The songs by Somervell and Elgar were, shall we say, of their time, rousing and definitely the product of an era when huge swathes of the map of the world were part of the British Empire. That said, Elgar’s setting did at least sometimes suggest the toll exacted by war, a subject he would explore infinitely more effectively some years later in The Spirit of England.
Finzi’s Channel Firing is a great song and here it received the finest performance I can recall hearing. Matthewman’s delivery of the piano part, so crucial to the ambience of the song, was masterly and Williams’ singing was riveting. This was a prime example of how his care for the words enhances whatever song he is singing while his vocal technique was quite superb – the controlled diminuendo on the word ‘avenge’ near the end was flawlessly achieved. John Ireland’s songs are not as celebrated as the finest of Finzi’s but he wrote many very good songs and the intense The Cost was a particularly good choice for this programme.

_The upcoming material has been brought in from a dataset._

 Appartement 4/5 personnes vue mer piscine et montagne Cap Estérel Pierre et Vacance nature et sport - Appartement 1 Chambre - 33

I’ve heard Roderick Williams sing Gurney’s Captain Stratton’s Fancy on disc but it was a treat to experience his witty delivery live. It’s not as fine a setting as the one by Peter Warlock but Williams almost makes you think it could be.

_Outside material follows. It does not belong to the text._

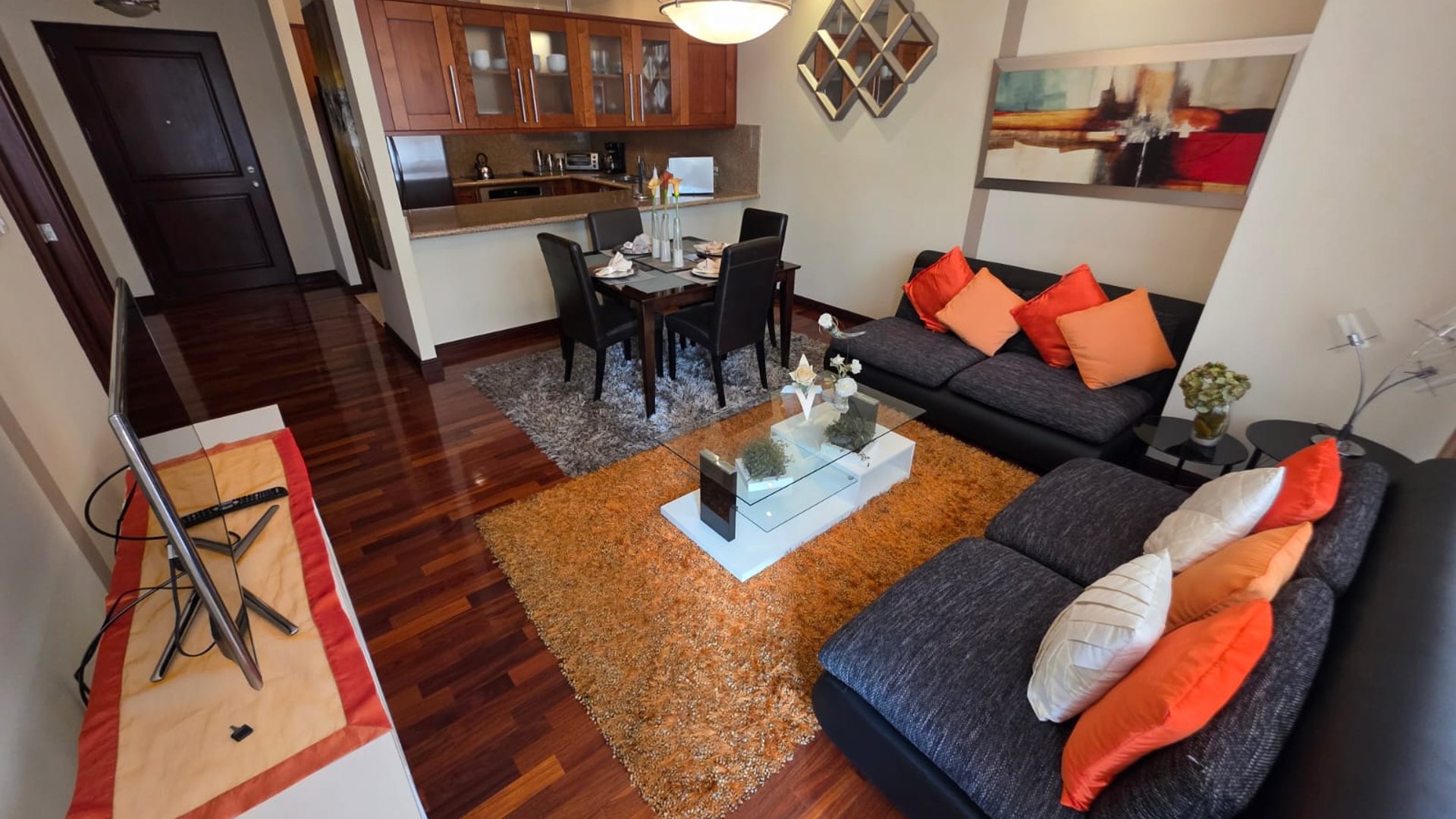Apartamento amueblado con terraza de 1 habitacion en zona 14 Ref-6002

George Butterworth is reckoned by many people to be music’s greatest loss from World War I; but what of William Denis Browne? On the evidence of the handful of songs that he left behind, such as The Isle of Lost Dreams, he could have accomplished much had he lived. Roderick Williams offered us Browne’s best-known song, the very fine To Gratiana Dancing and Singing. Here the vocal line was seamless, graceful and poised, while once again Gary Matthewman’s pianism was a delight.

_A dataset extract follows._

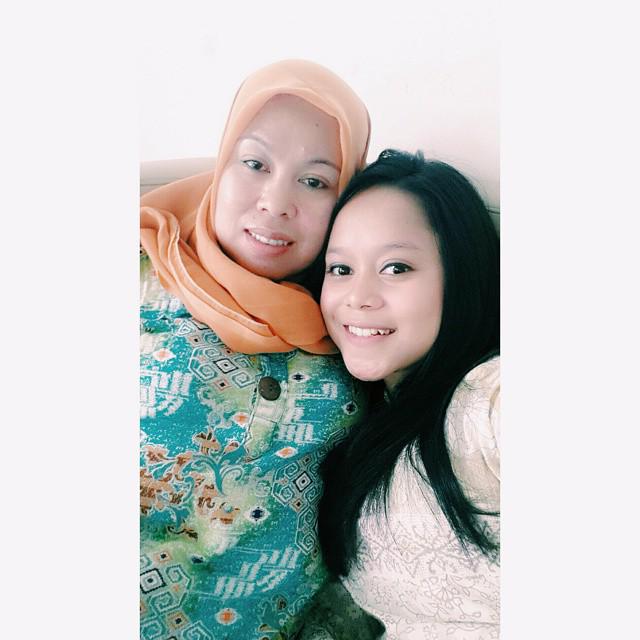 LestiLovers_ID's tweet photo. #NewInstaUpdate by Our Beautiful @Lesti_Jenong_DA w/ her Mom ๐ Keep Smile & Spirit http://t.co/F3BDTTxmSG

Ernest Farrar, another casualty of the war, was represented by his setting of Silent Noon and I was interesting to hear this song again and to be reminded that it bears more than a hint of Vaughan Williams’ much better-known setting. I’m not sure I’ve heard previously any music by Elaine Hugh-Jones (b. 1927) so I was glad of the opportunity to hear her setting of Wilfred Owen (‘Move him into the sun’) though it seemed to me to be rather in the shadow of the Britten setting of the same text in War Requiem; when was the Hugh-Jones setting composed, I wonder? I found Anthony Payne’s setting of Edward Thomas – another of the ‘Dead Poets’ who failed to survive the conflict – strange and unsettling but well worth hearing – and hearing again, I hope.
The more I hear of the songs of Ian Venables (b. 1955) the more impressed I am. Roderick Williams, who has championed them in concert, offered two highly contrasted songs. I’ve heard the entertaining Flying Crooked before (review) and Williams’ witty delivery went down well with this Three Choirs audience. I don’t recall hearing Pain before, however. This intense, even harrowing setting of words by Ivor Gurney is a very fine song indeed.
After Vaughan Williams’s spare and intense The Twilight People the last word went to Gerald Finzi. Williams’ searching performance of Only a man harrowing clods brought the recital to a subdued, thoughtful end. I rather suspect that after this we might not have got an encore anyway – and rightly so – but I’m sure Roderick Williams and Gary Matthewman were exhausted by their exertions in the Huntingdon Hall hothouse. So on this occasion no one in the audience would have begrudged them leaving us wanting more.
This thoughtfully planned programme produced an exceptionally fine recital.